A dynamical system $$f$$ that evolves on a compact metric space $$(X,\lVert \cdot \rVert)$$:

$$\forall x_n \in X, x_{n+1} = f \circ x_n$$

$$f^{n+1} = f \circ f^n$$

is said to be $$\epsilon$$-approximable if it satisfies the following conditions:

$$1.$$ There exists a finite set $$\Sigma \subset X$$ such that:

$$\forall x \in X \exists x’ \in \Sigma, \lVert x-x’ \rVert < \epsilon$$

which implies that a sufficiently large dataset $$\Sigma$$ is a suitable approximation of $$X$$.

$$2.$$ The algorithmic complexity of $$f$$ is bounded:

$$\exists N \in \mathbb{N}, N \cdot \log_2 \lvert \Sigma \rvert \leq \max_{x \in \Sigma} K(\{f^n \circ x\}_{n=1}^{\infty}) \leq (N+1) \cdot \log_2 \lvert \Sigma \rvert$$

which implies that given an initial state it is possible to simulate $$f$$ on a computer with finite memory.
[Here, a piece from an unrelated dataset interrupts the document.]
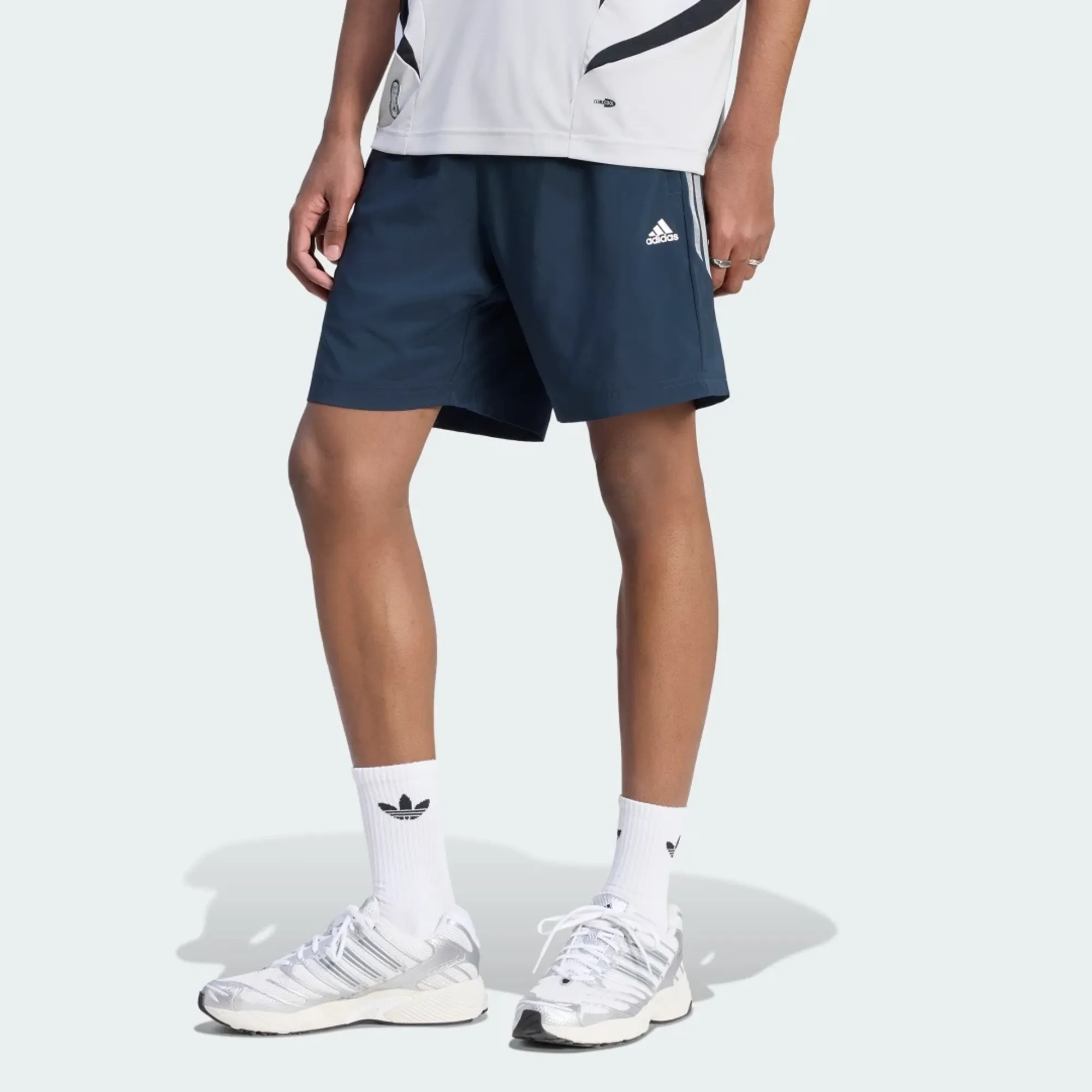 adidas LIGHTWEIGHT REGULAR SHORTS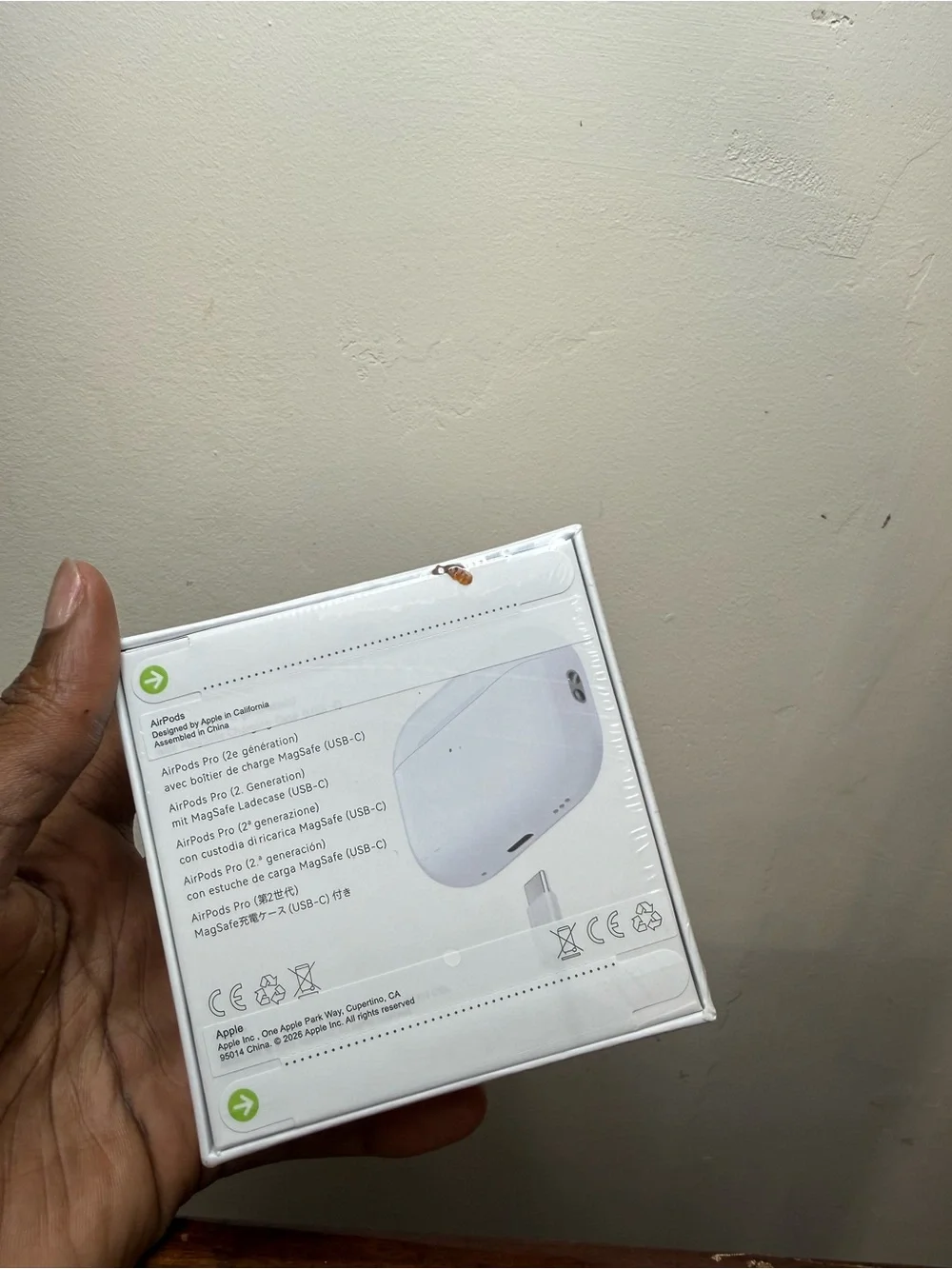 Apple AirPods Pro (White) Wireless Noise-Cancelling Earbuds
As a concrete example, if $$f$$ is computable and periodic then the shortest program returned by $$K(\{f^n \circ x\}_{n=1}^{\infty})$$ can’t be longer than the minimum description length of $$(f, x, \infty)$$.

$$3.$$ There exists a space of computable functions $$F$$ with $$\hat{f} \in F$$ satisfying $$K(\hat{f}) \sim N \cdot \log \lvert \Sigma \rvert$$ and:

$$\forall x \in \Sigma \forall N \in \mathbb{N}, \frac{\sum_{n=1}^N \lVert \hat{f}^n \circ x - f^n \circ x \rVert}{N} < \epsilon$$

which implies finite-precision sensitivity to initial conditions. This is a fundamental constraint on real-world machine learning as the correct model can’t be too sensitive to the choice of random seed for example. In addition, (5) implies that a suitable loss function $$\mathcal{L}(f,\hat{f})$$ may be readily derived from the metric $$\lVert \cdot \rVert$$.

Theorem 1: Approximable systems are ergodic

Given the bounded complexity criterion for approximability, we may define:

$$u_N = K(\{f^n \circ x\}_{n=1}^N)$$

and (4) implies that the limit $$u = \lim\limits_{N \to \infty} u_N$$ exists. It follows that $$f$$ is ergodic since:

$$\exists m \in \mathbb{N} \forall N \geq m, \lVert u - u_N \rVert < \epsilon$$

i.e. the statistical properties of $$f$$ are deducible fro a sufficiently large number of samples.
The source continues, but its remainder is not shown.